Simultaneous Superconducting and Topological Properties in Mg-Li Electrides at High Pressures

TL;DR

This study predicts and characterizes novel Mg-Li electride phases under high pressure that exhibit superconductivity, topological surface states, and electride properties, revealing the coexistence of multiple quantum phenomena in a single material.

Contribution

It introduces new stable Mg-Li electride phases with superconducting and topological features, advancing understanding of multi-quantum phases in electrides under extreme conditions.

Findings

MgLi10 is a semiconductor with a 0.22 eV band gap.

Pm-3m MgLi is a superconductor with Tc of 22.8 K.

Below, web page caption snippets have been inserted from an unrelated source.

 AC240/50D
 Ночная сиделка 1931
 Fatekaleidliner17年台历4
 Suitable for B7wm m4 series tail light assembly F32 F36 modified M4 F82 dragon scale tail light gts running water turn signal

Pm-3m MgLi and Pnma MgLi exhibit topological surface states and non-zero Z2 invariant.

Abstract

Electrides as a unique class of emerging materials exhibit fascinating properties and hold important significance for understanding the matter under extreme conditions, which is characterized by valence electrons localized into the interstitial space as quasi-atoms (ISQs). In this work, using crystal structure prediction and first-principles calculations, we identified seven stable phases of Mg-Li that are electride with novel electronic properties under high pressure. Among them, MgLi10 is a semiconductor with a band gap of 0.22 eV; and Pm-3m MgLi is superconductor with a superconducting transition temperature of 22.8 K. The important role played by the localization degree of ISQ in the superconducting transition temperature of these electrides is revealed by systematic comparison of Mg-Li with other Li-rich electride superconductors. Furthermore, we proved that Pm-3m MgLi and Pnma MgLi also have distinct topological behavior with metallic surface states and the non-zero $Z_2$ invariant. The simultaneous coexistence of superconductivity, electronic band topology and electride property in the same structure of Pm-3m MgLi and Pnma MgLi demonstrates the feasibility of realizing multi-quantum phases in a single material, which will stimulate further research in these interdisciplinary fields.